Bu seneki tabloyu ilginç kılan iki temel özelik var: İlki, futbolun periferisi bir ülkeden, yani Türkiye’den iki takımın bu ligde yer alması. İkincisi ise, yarattığı yılık 1.1 milyar euroluk geliriyle Avrupa’nın beşinci büyük ligi konumundaki Fransız Lig 1’den sadece bir takımın (Paris Saint Germain) bu Lig’de kendisine yer bulması…
19,4 milyar euroya büyüklüğündeki Avrupa futbol pastasının yüzde 47’sini üreten beş büyük ligden bu listeye giren 18 takımın toplam gelirleri 5.1 milyar euroya (Avrupa futbol pastasının yüzde 26’sına) ulaşıyor. Bizim takımlarımızın gelirleri de eklendiğinde de, bu oran yüzde 27’e çıkıyor. Bunun anlamı kısaca şu: Avrupa’da ve Dünya’da futbolu sportif anlamda domine eden ligler, aynı zamanda futbolu iktisadi ve mali olarak ta domine ediyorlar.
Avrupa’nın dev kulüpleri sıralama dışında kaldı!

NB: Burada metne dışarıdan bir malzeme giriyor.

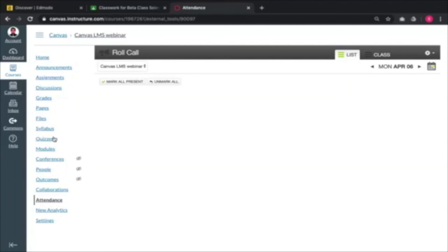The platforms I presented today — Moodle, Edmodo, Google Classroom, and Canvas — are all freeware, free to use. Of course, with Canvas, you pay more and you get more features. Those kinds of things happen with these kinds of platforms.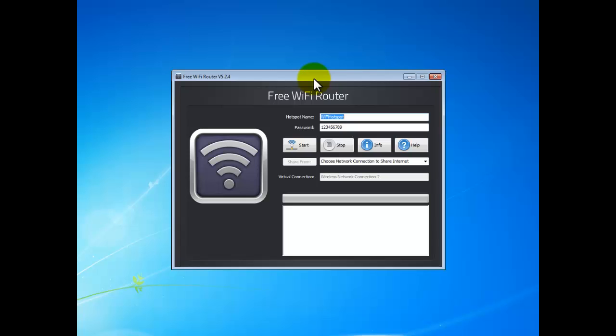Hi there. In this video I'll show you how to use Free Wi-Fi Router to create a virtual Wi-Fi hotspot to share your internet connection with your families, friends, roommates, and so forth.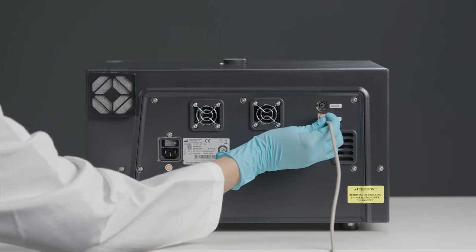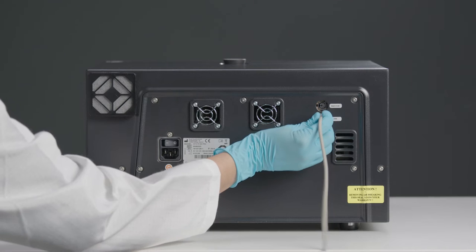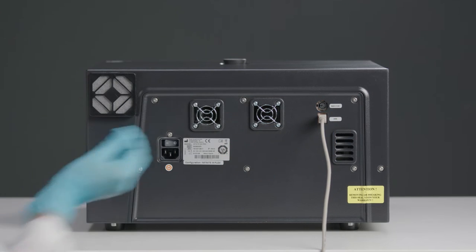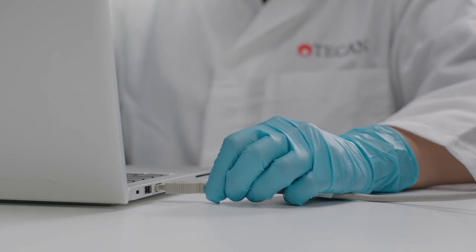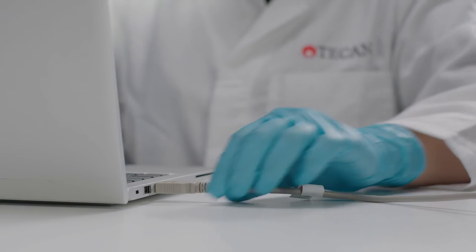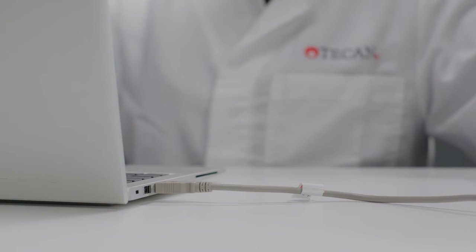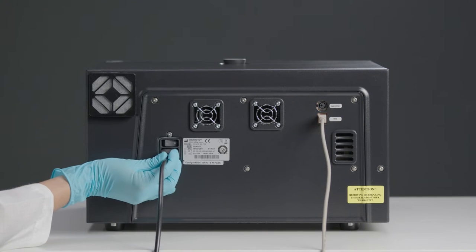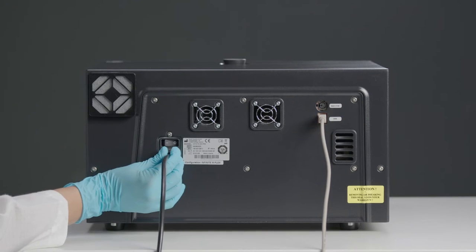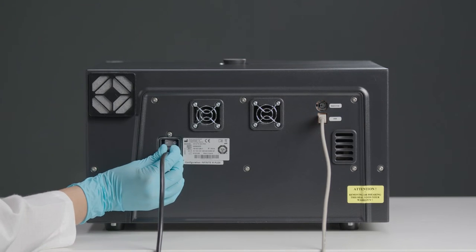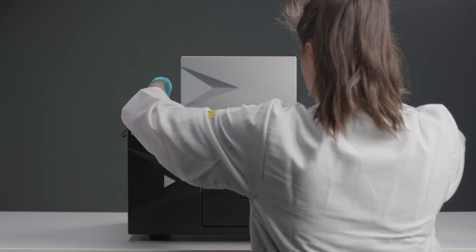To connect to your PC, take the USB cable and connect it to your device. The other end goes into your PC and then connect the power cable.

Para Ligi’nde en zengin (Créme de la créme) 20 kulübün dışında yer alan ve sıralama dışı tutulan diğer 10 takım daha var ki, bunların içinde Stuttgart, New Castle United, Ajax, Benfica, Lazio, O.Marsilya, Napoli Corinthias gibi dev takımlar bulunuyor. Bu takımların toplam gelirleri de 1.1 milyar euroya ulaşıyor.
20 kulübün toplam gelirleri %8 arttı
Bu sıralamadaki kulüplerin gelirleri bir önceki yıla göre yüzde sekiz artarak, 5.4 milyar euroya yükseldi. Bu artışın getirdiği bir başka önemli nokta da, bu raporun ilk düzenlenmeye başlandığı 1996-97 yılında sadece 100 milyon euronun üzerinde geliri olan tek kulüp (Manchester United) varken, bu sene Para Ligi’nde yer alan 20 kulüp ve sıralama dışı tutulan diğer 10 kulüp de dahil olmak üzere 30 kulübün yılık gelirleri 100 milyon euro sınırını aştı.
Para Ligi’nin tartışmasız lideri Real Madrid
Aralıksız sekiz senedir Para Ligi’nin lideri 500 milyon euroyu geçen yıllık geliriyle Real Madrid. Real Madrid’in geliri 518.9 milyon euroya ulaşırken, ikinci sırada La Liga’daki en büyük rakibi Barcelona 482.6 milyon euroluk geliriyle yer alıyor. Bu senenin iktisadi ve mali olarak en başarılı kulüplerinden birisi olan Bayern Münih Para Ligi’nde de tırmanmaya devam ediyor. 431,2 milyon euroluk geliriyle 3. Sırada bulunan Bayern aynı zamanda Avrupa’nın en fazla ticari gelir elde eden ikinci kulübü. (Aslında, Katarlı yatırım fonunun PSG ile yaptığı hülleli sponsorluk sözleşmesi dikkate alınmazsa, B.Münih Avrupa’nın gerçek anlamda en fazla ticari gelir elde eden kulübü konumunda). Bayern Münih her maçından 4.3 milyon euro gelir elde ederken, diğer taraftan sıfır borçlanmayla giden istisnai bir kulüp. Sir Alex Ferguson’dan sonra bir türlü belini doğrultamayan, Premier Lig’de şampiyonluk potasından ve Şampiyonlar Ligi sıralamasından uzaklaşan Manchester United ise, Para Ligi’nde de irtifa kaybetmeye devam ediyor. Geçen seneye göre bir sıra gerileyerek dördüncü sıraya inen Manchester United’ın sportif başarısızlığı, iktisadi ve mali performansta da geride kalmasına yol açmış görünüyor.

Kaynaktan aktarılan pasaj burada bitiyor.